═════ SUPPLIED RECORDS ═════

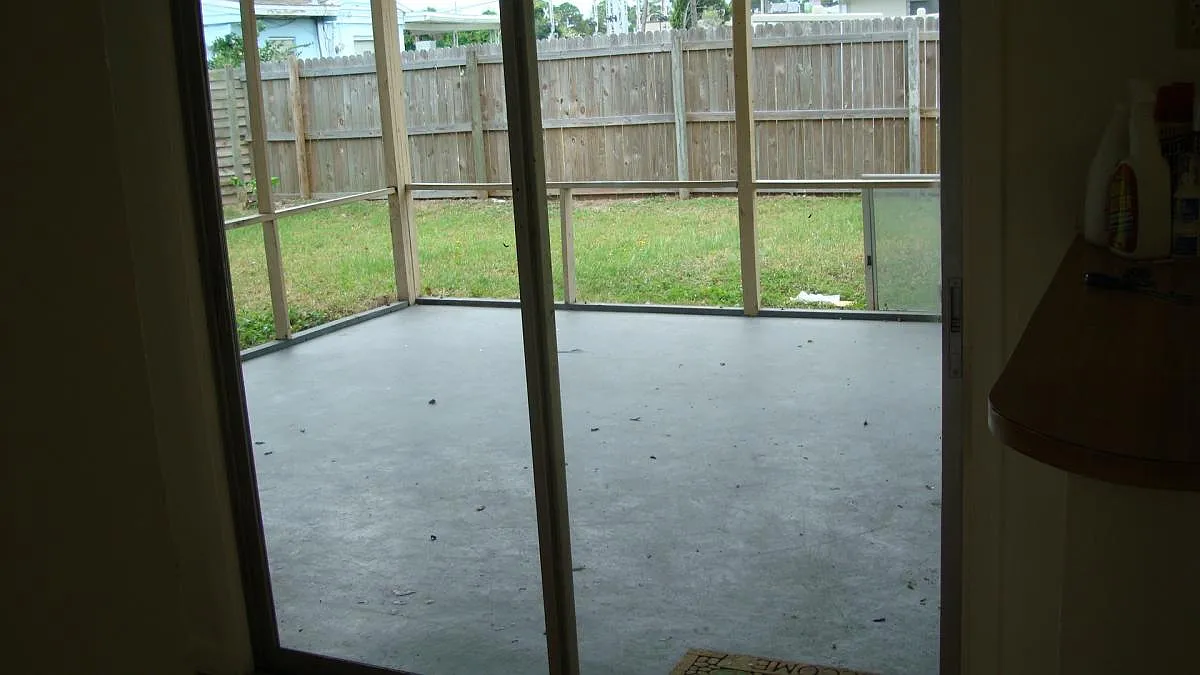 4 bed, 1144 sqft, $2,200 — Photo 3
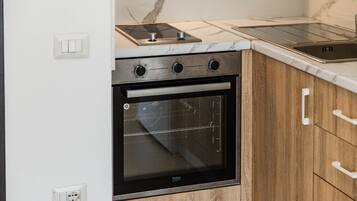 Kühlschrank, Ofen, Herdplatte, Toaster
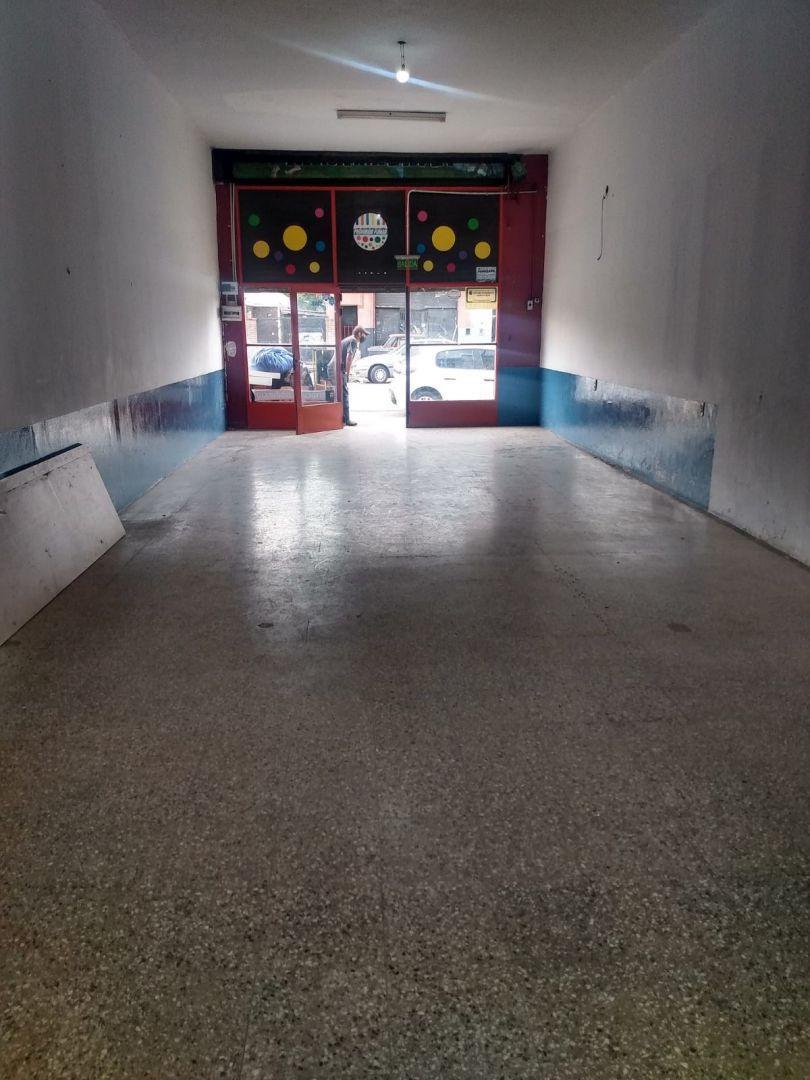 Foto de Local . | Pte Peron 3933, imagen 3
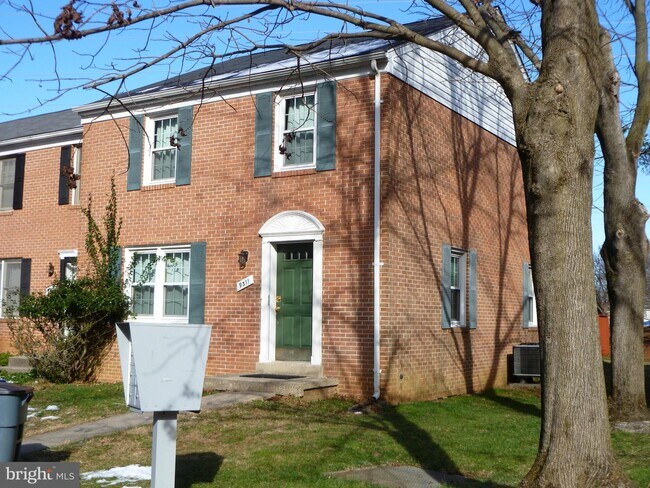 Building Photo - 9311 Bentridge Ave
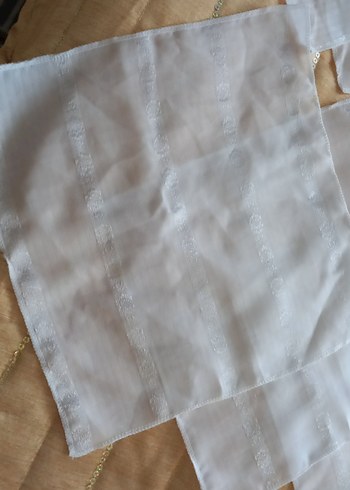 İşlemeli  Beyaz desenli parcalar kenarları ovorlok cekilmis - Görsel 3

═════

• _TASK DETAILS_
Copy exactly the lines from the one containing "Kühlschrank, Ofen, Herdplatte, Toaster" to the end of the records, both included, and leave the pictures out.

• _EXERCISE ANSWER_
 Kühlschrank, Ofen, Herdplatte, Toaster
 Foto de Local . | Pte Peron 3933, imagen 3
 Building Photo - 9311 Bentridge Ave
 İşlemeli  Beyaz desenli parcalar kenarları ovorlok cekilmis - Görsel 3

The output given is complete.